• **Records from a data source**:

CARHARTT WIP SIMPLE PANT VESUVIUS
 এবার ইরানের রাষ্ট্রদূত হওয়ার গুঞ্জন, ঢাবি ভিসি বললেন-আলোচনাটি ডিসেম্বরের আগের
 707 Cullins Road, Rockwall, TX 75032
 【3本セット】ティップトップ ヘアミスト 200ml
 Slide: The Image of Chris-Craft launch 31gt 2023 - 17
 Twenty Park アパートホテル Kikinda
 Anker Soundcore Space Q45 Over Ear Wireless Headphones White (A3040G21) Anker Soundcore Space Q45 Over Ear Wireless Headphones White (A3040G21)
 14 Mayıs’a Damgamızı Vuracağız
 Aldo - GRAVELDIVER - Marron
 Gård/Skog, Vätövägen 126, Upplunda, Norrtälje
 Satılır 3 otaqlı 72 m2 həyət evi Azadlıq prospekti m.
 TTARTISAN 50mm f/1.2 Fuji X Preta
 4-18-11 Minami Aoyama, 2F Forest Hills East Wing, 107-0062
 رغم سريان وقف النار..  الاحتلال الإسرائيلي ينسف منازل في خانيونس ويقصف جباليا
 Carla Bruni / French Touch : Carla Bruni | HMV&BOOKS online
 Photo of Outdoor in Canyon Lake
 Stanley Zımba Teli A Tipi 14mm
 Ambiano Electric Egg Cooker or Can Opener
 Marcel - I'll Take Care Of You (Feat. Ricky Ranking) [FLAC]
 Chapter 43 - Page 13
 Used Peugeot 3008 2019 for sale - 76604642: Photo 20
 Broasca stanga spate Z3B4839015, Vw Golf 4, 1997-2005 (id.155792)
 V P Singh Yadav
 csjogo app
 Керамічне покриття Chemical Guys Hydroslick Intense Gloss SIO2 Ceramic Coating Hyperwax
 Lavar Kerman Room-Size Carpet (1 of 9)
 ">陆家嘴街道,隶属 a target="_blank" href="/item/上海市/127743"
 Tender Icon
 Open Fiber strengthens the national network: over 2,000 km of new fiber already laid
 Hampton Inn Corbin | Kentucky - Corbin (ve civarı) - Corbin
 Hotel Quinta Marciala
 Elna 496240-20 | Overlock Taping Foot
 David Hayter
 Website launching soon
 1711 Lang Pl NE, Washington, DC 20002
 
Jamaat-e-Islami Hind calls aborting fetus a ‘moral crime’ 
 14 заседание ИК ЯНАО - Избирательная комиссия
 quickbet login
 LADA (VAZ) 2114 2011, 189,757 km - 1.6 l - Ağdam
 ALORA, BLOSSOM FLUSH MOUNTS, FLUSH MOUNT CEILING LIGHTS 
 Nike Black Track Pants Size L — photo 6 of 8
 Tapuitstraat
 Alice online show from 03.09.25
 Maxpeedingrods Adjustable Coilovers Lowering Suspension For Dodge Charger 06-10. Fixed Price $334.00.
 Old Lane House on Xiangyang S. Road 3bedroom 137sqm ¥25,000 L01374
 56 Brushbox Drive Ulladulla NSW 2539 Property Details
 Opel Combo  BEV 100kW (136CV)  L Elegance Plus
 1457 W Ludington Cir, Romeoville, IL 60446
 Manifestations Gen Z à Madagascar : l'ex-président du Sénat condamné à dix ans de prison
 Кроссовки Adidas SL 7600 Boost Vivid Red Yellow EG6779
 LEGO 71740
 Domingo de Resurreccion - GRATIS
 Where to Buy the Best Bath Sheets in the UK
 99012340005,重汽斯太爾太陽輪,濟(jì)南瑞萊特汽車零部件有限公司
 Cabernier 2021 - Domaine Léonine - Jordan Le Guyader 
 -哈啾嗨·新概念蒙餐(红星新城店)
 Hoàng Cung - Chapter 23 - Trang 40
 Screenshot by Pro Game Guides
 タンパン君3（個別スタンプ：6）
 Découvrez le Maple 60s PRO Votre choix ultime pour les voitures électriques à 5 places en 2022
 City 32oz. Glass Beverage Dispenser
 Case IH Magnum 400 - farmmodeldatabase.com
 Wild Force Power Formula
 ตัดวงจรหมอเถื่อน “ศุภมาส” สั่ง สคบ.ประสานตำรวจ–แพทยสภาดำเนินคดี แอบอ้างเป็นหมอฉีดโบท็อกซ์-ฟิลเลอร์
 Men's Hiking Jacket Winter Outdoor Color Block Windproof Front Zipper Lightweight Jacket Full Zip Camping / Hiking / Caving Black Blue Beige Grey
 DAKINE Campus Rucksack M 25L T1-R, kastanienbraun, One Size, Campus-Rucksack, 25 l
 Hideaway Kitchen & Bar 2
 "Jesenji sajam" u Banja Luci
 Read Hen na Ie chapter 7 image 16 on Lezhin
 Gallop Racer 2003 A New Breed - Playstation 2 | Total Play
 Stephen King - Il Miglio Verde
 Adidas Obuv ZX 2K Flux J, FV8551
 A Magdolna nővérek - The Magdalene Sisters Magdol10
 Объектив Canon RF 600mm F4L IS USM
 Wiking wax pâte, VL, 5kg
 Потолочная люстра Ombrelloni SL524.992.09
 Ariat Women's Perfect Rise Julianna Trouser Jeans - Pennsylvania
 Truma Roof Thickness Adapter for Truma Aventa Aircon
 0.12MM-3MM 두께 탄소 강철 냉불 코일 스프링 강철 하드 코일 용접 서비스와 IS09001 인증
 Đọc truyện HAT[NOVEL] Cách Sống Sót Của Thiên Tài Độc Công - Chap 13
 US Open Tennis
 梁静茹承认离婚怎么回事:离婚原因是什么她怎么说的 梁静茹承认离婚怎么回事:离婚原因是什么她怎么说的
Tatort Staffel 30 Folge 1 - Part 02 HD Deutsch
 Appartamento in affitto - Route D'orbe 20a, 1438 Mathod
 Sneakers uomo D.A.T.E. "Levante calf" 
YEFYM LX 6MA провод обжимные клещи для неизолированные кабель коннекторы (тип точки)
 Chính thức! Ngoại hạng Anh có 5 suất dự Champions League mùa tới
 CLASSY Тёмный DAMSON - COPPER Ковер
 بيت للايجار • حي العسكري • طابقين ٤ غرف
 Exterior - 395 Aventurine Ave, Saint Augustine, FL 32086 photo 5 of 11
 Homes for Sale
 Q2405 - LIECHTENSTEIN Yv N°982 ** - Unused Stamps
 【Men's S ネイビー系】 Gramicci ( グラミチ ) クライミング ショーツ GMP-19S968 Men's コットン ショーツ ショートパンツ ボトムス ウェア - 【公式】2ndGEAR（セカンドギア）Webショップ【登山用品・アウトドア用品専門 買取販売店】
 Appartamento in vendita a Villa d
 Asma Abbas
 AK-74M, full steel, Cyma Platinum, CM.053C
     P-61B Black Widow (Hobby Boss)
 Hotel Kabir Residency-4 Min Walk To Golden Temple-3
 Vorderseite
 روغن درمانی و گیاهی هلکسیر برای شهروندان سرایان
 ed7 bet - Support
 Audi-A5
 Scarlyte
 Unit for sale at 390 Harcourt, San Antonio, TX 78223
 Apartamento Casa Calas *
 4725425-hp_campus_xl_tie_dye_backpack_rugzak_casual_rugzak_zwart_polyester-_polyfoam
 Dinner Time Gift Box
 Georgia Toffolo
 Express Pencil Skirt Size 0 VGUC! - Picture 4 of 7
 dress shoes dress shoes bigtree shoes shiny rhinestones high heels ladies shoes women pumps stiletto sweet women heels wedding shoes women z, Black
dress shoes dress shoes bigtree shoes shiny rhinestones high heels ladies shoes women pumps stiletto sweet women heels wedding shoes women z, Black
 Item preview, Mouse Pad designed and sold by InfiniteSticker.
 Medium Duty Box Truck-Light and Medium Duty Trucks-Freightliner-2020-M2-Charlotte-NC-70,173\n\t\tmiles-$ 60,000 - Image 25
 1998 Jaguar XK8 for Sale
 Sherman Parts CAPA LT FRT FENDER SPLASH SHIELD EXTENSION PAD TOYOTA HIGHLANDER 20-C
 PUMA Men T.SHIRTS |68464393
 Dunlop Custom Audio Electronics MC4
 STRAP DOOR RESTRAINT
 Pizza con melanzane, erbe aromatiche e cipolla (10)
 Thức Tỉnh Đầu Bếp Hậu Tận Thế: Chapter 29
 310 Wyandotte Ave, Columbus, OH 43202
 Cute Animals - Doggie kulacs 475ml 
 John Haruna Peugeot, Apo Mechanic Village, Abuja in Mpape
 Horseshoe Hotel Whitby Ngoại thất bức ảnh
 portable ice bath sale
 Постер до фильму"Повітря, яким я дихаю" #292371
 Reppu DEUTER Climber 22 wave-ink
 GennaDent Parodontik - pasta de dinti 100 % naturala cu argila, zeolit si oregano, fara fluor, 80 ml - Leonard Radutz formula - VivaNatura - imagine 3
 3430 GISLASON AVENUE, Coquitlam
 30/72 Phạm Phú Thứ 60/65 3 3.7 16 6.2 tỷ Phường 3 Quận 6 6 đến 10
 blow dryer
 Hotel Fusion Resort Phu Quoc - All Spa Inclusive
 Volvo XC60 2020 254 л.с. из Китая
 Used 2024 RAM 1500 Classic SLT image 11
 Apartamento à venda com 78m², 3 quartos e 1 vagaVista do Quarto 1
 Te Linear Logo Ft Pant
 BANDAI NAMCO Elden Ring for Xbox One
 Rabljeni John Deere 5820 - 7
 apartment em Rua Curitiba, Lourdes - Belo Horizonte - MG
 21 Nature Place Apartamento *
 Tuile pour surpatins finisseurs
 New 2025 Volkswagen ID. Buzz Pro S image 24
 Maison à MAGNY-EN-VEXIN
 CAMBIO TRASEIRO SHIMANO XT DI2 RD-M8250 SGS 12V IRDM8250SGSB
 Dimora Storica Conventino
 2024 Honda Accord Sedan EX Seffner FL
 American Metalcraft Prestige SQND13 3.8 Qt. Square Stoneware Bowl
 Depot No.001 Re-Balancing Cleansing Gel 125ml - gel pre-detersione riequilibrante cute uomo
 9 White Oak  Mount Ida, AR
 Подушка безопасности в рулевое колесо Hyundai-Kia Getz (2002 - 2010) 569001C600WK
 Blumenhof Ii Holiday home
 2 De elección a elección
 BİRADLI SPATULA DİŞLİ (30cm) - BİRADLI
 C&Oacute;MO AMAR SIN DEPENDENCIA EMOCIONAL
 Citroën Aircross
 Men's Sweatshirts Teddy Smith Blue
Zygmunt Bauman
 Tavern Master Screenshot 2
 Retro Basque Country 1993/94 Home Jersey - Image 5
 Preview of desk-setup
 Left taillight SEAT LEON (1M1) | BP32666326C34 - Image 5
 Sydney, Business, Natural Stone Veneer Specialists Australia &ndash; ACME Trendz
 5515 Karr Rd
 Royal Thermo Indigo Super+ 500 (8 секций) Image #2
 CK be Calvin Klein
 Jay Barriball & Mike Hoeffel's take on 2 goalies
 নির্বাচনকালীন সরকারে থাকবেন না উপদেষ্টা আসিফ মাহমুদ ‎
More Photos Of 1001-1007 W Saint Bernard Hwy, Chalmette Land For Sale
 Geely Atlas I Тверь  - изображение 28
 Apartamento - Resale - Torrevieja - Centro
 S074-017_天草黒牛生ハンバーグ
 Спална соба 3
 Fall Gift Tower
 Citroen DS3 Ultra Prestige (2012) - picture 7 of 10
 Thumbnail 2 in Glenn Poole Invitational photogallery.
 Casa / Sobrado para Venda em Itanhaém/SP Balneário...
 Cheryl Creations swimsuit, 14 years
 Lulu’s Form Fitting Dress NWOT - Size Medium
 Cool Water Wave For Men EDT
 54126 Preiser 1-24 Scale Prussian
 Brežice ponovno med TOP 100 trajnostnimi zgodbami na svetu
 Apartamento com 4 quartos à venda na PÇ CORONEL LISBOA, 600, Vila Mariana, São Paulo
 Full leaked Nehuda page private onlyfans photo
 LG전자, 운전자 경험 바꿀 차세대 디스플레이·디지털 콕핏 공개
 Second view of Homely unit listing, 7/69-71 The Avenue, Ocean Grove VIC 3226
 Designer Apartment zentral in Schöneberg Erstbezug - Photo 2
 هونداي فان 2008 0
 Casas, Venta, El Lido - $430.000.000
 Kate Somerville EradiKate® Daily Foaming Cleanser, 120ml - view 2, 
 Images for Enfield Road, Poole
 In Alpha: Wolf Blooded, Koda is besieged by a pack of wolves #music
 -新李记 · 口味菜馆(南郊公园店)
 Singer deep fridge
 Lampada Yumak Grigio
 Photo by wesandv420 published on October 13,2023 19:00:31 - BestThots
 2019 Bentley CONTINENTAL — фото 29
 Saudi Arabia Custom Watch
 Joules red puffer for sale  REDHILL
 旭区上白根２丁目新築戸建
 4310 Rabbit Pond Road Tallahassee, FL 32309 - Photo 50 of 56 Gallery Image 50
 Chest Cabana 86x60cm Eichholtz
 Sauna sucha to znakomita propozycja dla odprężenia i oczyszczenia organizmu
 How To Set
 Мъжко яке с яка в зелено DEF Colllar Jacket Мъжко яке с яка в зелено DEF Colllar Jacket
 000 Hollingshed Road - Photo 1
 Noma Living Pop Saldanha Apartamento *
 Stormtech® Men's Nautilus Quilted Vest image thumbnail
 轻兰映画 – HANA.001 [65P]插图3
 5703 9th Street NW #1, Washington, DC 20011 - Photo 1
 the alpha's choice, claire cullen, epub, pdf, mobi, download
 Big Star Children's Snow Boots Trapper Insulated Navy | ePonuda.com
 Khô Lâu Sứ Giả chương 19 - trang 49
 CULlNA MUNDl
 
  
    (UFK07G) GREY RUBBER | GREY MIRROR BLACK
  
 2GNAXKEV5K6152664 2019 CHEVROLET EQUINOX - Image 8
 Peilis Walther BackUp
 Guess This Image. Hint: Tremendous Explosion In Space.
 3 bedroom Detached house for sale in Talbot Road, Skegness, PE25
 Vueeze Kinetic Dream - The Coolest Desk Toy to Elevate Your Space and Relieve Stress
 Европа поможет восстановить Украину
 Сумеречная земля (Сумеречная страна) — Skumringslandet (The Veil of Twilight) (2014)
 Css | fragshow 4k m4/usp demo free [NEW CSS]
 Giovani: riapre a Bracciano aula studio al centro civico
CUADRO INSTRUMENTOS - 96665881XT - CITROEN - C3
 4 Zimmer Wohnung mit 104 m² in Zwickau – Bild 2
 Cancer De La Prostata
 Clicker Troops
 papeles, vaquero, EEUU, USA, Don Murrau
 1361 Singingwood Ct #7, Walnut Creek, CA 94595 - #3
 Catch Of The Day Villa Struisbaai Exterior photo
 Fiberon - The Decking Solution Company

• **Description of the task**: Among the entries above, which lines include "uomo"? List them all.

• **Task result**:
 Sneakers uomo D.A.T.E. "Levante calf" 
 Depot No.001 Re-Balancing Cleansing Gel 125ml - gel pre-detersione riequilibrante cute uomo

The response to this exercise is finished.